As people have adopted more tracker blocking on the web, more email tracking has popped up. People are using an email address as the main identifier now in a lot of places. And so it's the natural place to get protection next. And then apps [are another] Wild West, like the web was 10 years ago, where there's just tons of tracking embedded in apps, and it's not transparent. And it's just ripe for someone to come in and help protect it.

Is your way of thinking about it that you want to build privacy layers around those apps, or that you want to build your versions of those apps? You're making me think of that scene in "Silicon Valley" where Jian Yang has the whiteboard and it's like, "New Twitter, New Instagram, New Google." Are you just going to build Private Twitter and Private Instagram and Private Google? Or do you want to become the tracker blocker around all of those existing things?
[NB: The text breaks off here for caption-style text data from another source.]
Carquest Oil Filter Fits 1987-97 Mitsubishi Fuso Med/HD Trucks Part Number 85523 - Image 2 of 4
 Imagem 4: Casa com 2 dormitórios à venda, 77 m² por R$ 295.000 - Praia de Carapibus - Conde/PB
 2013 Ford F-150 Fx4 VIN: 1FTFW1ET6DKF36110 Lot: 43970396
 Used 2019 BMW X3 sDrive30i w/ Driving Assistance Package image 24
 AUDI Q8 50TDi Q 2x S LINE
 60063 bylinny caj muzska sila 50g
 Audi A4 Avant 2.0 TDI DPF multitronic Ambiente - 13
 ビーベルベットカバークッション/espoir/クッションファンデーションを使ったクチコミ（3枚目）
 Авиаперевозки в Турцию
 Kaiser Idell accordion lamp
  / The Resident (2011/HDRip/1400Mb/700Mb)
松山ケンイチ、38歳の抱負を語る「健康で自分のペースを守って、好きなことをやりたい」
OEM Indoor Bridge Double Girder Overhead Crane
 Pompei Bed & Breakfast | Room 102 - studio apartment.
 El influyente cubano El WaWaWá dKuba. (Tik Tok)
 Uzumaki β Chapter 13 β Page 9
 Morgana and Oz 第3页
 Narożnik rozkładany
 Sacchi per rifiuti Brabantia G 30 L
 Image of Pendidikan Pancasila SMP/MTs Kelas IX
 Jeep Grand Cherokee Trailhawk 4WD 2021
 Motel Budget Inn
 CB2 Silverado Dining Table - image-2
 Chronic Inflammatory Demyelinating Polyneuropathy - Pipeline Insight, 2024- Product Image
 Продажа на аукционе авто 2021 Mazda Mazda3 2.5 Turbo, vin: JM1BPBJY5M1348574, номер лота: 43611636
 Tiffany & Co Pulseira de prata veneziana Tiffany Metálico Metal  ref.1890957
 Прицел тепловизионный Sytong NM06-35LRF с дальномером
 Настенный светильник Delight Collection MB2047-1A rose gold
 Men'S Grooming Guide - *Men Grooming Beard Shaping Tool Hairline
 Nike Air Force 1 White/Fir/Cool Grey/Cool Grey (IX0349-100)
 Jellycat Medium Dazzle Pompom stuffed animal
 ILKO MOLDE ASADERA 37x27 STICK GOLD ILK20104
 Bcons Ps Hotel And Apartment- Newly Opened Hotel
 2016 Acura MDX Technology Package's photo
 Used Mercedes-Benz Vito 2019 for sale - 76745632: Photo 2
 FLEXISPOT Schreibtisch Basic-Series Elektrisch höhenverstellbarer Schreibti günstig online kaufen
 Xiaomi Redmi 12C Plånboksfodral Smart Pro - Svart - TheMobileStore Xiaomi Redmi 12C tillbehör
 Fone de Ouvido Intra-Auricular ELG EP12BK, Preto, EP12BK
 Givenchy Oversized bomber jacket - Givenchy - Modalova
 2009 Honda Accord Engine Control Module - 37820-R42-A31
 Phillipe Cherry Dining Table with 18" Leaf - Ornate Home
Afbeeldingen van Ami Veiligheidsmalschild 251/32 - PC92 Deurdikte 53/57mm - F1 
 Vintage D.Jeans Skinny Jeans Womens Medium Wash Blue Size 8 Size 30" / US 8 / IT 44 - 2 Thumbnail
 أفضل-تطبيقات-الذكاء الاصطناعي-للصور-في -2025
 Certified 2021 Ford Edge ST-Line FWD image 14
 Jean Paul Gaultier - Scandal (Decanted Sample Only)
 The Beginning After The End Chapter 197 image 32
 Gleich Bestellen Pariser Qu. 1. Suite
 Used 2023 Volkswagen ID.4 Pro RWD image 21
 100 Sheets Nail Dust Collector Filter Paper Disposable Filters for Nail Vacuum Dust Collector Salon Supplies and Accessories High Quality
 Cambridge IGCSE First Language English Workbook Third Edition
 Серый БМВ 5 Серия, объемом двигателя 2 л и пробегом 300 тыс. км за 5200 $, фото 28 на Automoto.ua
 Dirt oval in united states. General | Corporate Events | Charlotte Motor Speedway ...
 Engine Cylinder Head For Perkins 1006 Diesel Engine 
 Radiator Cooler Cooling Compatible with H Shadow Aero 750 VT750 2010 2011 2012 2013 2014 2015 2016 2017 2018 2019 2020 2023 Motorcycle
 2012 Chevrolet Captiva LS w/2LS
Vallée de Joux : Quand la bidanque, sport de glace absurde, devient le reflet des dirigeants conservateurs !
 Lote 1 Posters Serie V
It's the tracker blocker. We believe "privacy simplified" means not having to change as many workflows as you can. And so ideally you'll use the same websites, the same apps, and they won't break, but you'll get all sorts of new privacy protection.

Now, some apps we think you should switch off. That's the Googles and the Facebooks. Some of them are so big, and they're the main tracking networks that you really probably should avoid. But other things like your general utilities, a DoorDash or something like that, they have trackers embedded in them. We would like to help you just keep visiting those sites and apps, but in a much more privacy-protected way. And if it works well, it'll be seamless. You just set it up once and you're protected.